## ACTION ITEM
Reproduce the entries shown below only from the line with "Michael Kors Darci" down to the line with "Too much food for only the two of us LOL", keeping both end lines and copying each one exactly.

## SUPPLIED ENTRIES

+-------+

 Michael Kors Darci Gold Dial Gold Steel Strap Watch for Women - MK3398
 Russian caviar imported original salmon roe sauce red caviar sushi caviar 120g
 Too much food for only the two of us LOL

+-------+

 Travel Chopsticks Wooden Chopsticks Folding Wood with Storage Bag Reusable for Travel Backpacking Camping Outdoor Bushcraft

+-------+

## RESPONSE TO THIS EXERCISE
 Michael Kors Darci Gold Dial Gold Steel Strap Watch for Women - MK3398
 Russian caviar imported original salmon roe sauce red caviar sushi caviar 120g
 Too much food for only the two of us LOL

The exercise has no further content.